Dove si perde, Luhrmann è forse nel tentativo di riconciliare la sofferta storia australiana, semplificando ad ogni costo il sofferto passato razzista dei britannici, che imposero per secoli un malcelato apartheid nei confronti dei nativi: è però una questione politica che importa poco davanti alla maestosità visiva del suo film, che riesce nello stesso tempo a stare sui classici senza appiattirsi, senza farne una gelida autopsia, ma al contrario affermandone la splendida vitalità : mezzi tecnici superiori al servizio di un’anima ancora fedele ed innamorata.
Lo si può capire ad esempio nella distribuzione assolutamente rigida dei personaggi: il contabile beone che riscatta sè stesso con il sacrificio è preso di peso dalla tradizione del western, a cui la prima parte si rifà in modo mirabile, fino alla stupefacente fuga delle mandrie; Hugh Jackman è un Clark Gable ancor più virile che non sbaglia mai, come ogni eroi che si rispetti, Nicole Kidman è fantastica nella sua trasformazione da aliena a donna perfettamente integrata nello spazio e nel tempo della frontiera, David Wenham è un cattivo memorabile e senza possibilità di redenzione.
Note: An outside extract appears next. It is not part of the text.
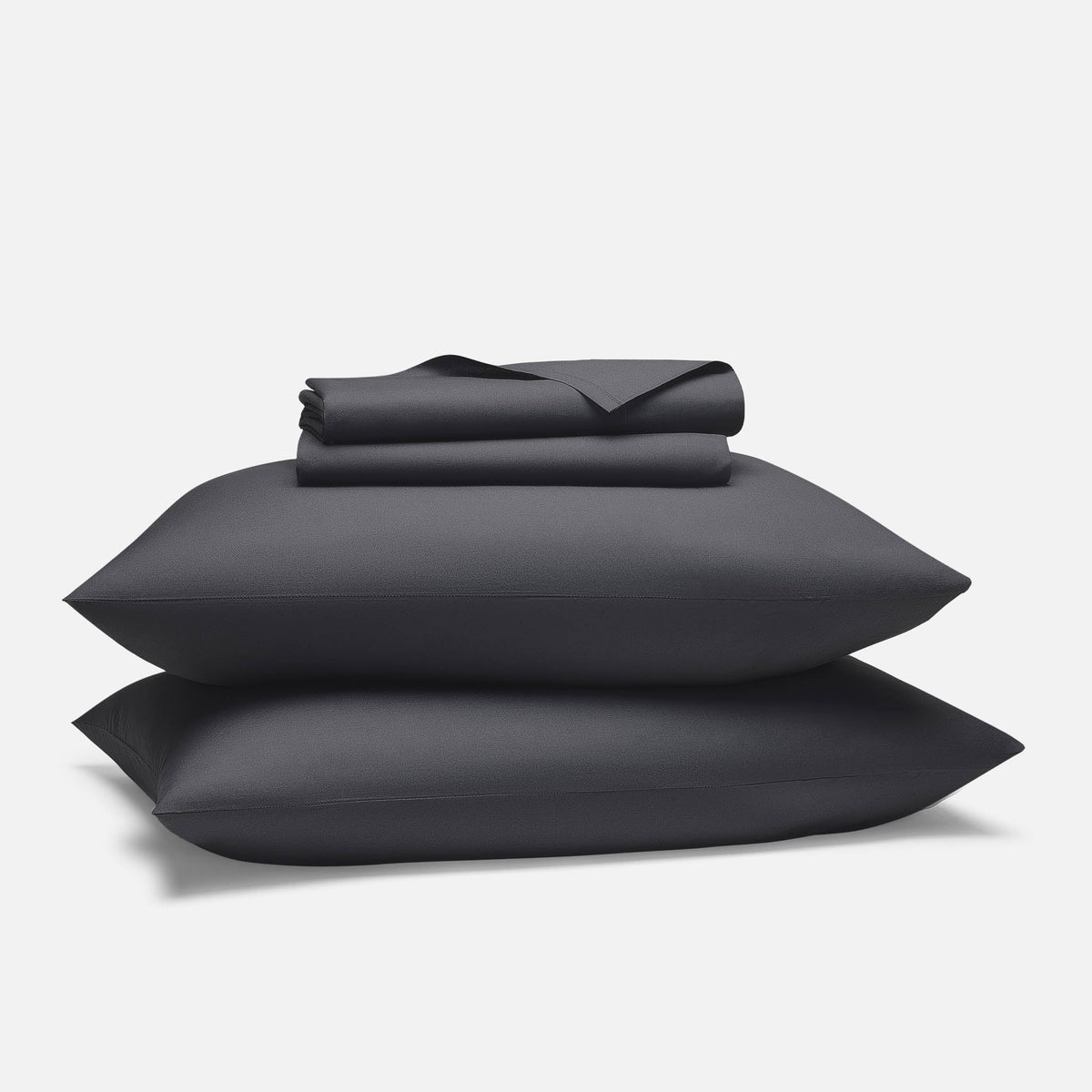 Classic Percale Core Sheet Set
Se Reth e Rossella ritornano quasi filologicamente nella sequenza (un voluto non-finale) in cui lui la abbandona per tornare a fare il mandriano, rifiutando come il cow-boy che è la trappola (o la responsabilità ) della civiltà , Via col vento è semmai piacevolmente invadente nei dolly vorticosi della tenuta di Faraway Dawns, o nei resti della cittadina di Darwin dopo il bombardamento giapponese.
C’è di tutto e di più, e si rischia di finire disorientati: forse è qui il motivo dell’insuccesso commerciale di “Australia”, di un film che inizia con una fantastica scazzottata in un saloon – il suo protagonista non si vede per intero che quando la Kidman non decide di vederlo – e finisce con un tentativo di superare divisioni ataviche, tra l’istinto primitivo del viaggio e quello della quiete domestica; o forse, è solo la progressiva e colpevole disaffezione verso gli sguardi (quello con cui la Kidman osserva Jackman entrare in una sala da ballo dell’alta società : seppure sbarbato e vestito di tutto punto, è sempre fuori posto nella sua mascolinità selvaggia) e i tempi cinematografici del cinema degli anni d’oro, il ralenti di un bacio sotto la pioggia, o di un salvataggio all’ultimo minuto.
Abbiamo perso la fascinazione che avvolge il piccolo Nollah mentre vede di nascosto Il mago di Oz?
Se il cinema ci ha insegnato che non c’è un posto come casa propria, Baz Luhrmann ha provveduto a fornirci le scarpe rosse necessarie a tornarci.